+++ DATA

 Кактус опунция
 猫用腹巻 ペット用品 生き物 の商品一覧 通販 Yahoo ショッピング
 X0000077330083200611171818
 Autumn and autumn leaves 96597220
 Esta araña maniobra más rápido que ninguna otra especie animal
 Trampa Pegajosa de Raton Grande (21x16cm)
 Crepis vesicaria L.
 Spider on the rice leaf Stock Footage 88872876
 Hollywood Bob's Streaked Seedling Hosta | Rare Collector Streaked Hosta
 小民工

++++++
+++ DATA

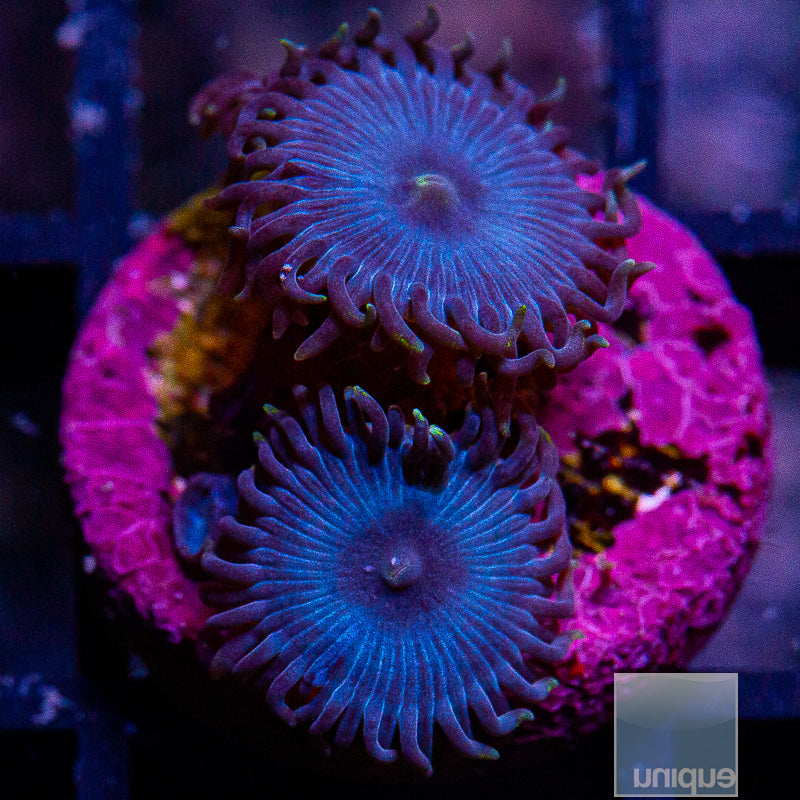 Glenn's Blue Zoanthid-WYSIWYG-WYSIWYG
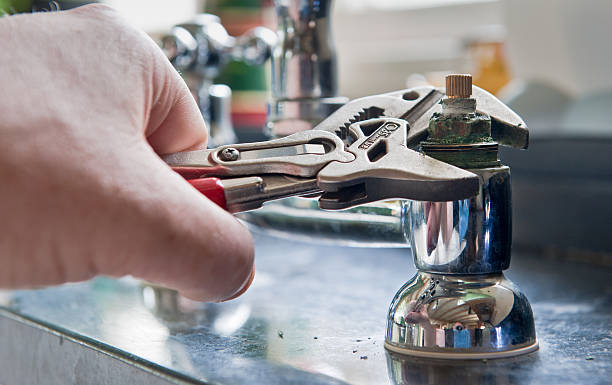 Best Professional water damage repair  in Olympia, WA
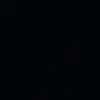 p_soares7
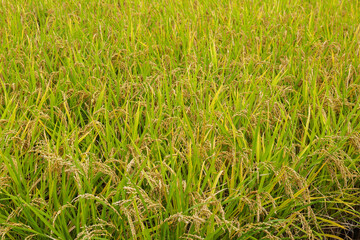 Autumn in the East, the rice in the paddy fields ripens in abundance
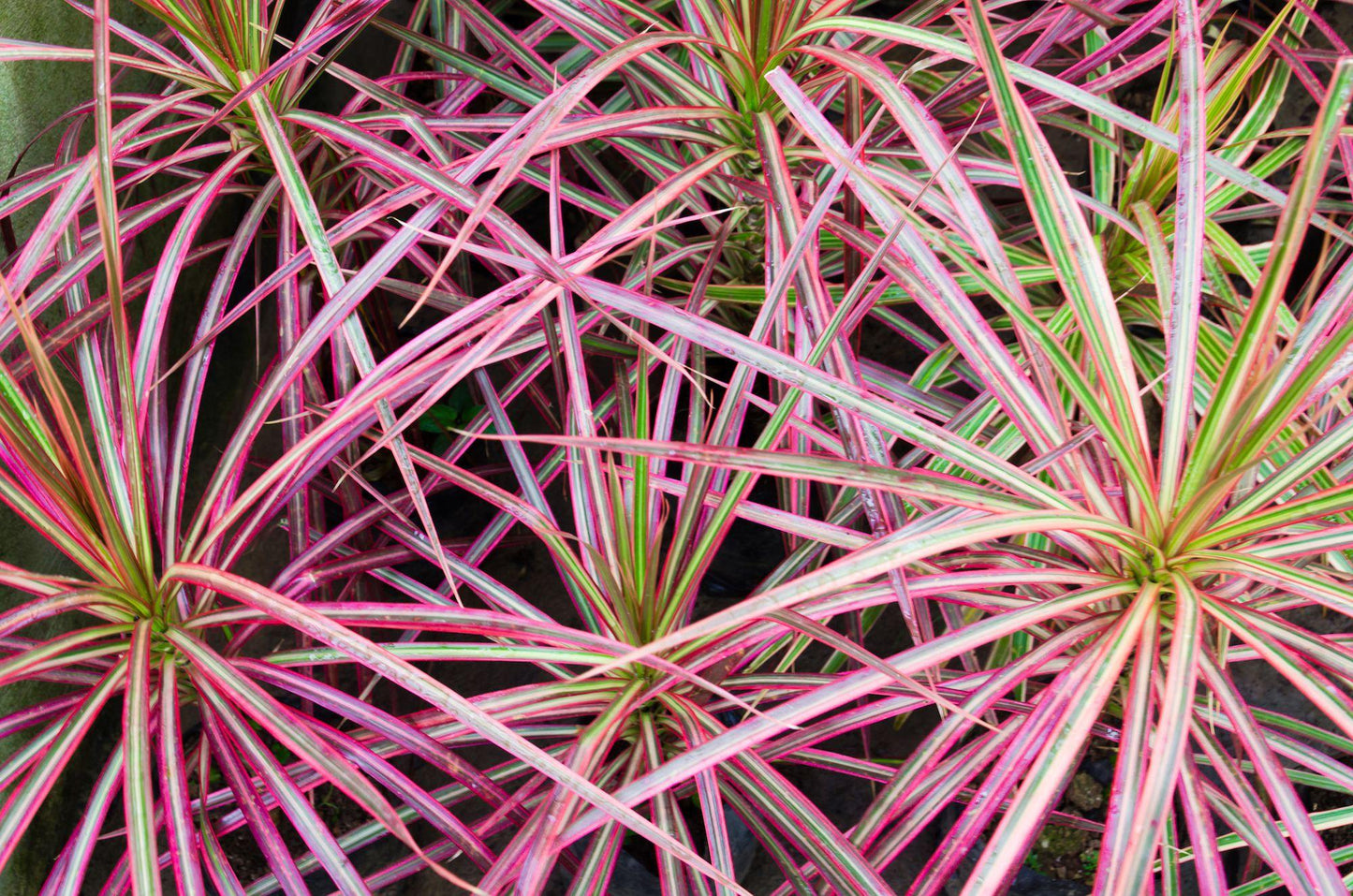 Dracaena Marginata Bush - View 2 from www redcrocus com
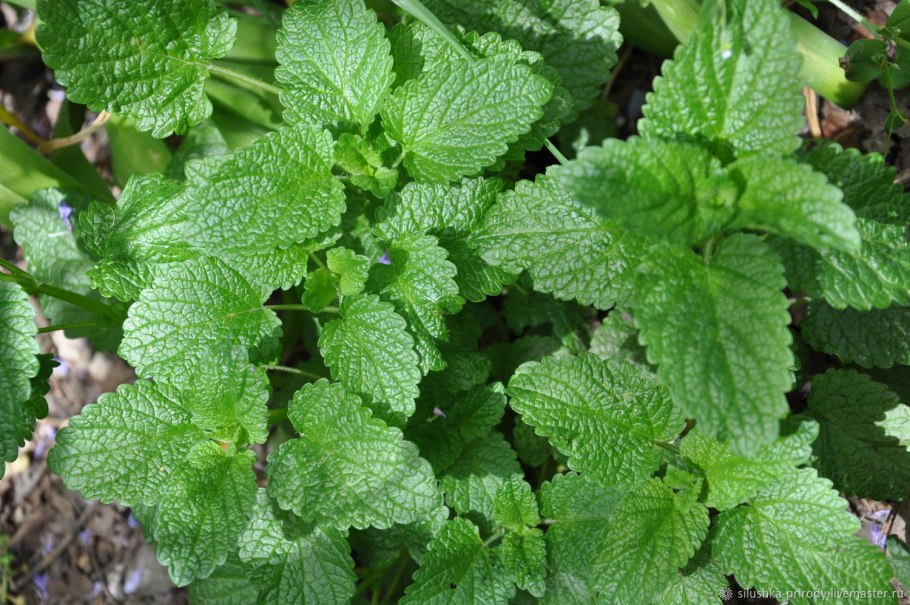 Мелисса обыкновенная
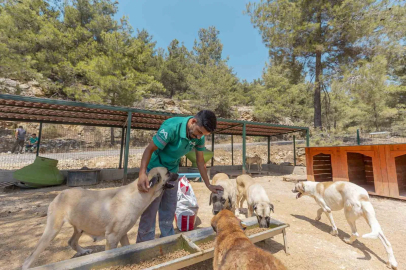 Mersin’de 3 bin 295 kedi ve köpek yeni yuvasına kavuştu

++++++
+++ DATA

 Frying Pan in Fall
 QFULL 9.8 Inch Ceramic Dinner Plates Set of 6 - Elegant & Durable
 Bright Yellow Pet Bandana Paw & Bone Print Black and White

++++++

WHAT YOU SHOULD DO:
Return exactly, and only, the lines above starting at the line that contains "Кактус опунция" and ending at the line that contains "Spider on the".

RESPONSE TO THIS EXERCISE:
 Кактус опунция
 猫用腹巻 ペット用品 生き物 の商品一覧 通販 Yahoo ショッピング
 X0000077330083200611171818
 Autumn and autumn leaves 96597220
 Esta araña maniobra más rápido que ninguna otra especie animal
 Trampa Pegajosa de Raton Grande (21x16cm)
 Crepis vesicaria L.
 Spider on the rice leaf Stock Footage 88872876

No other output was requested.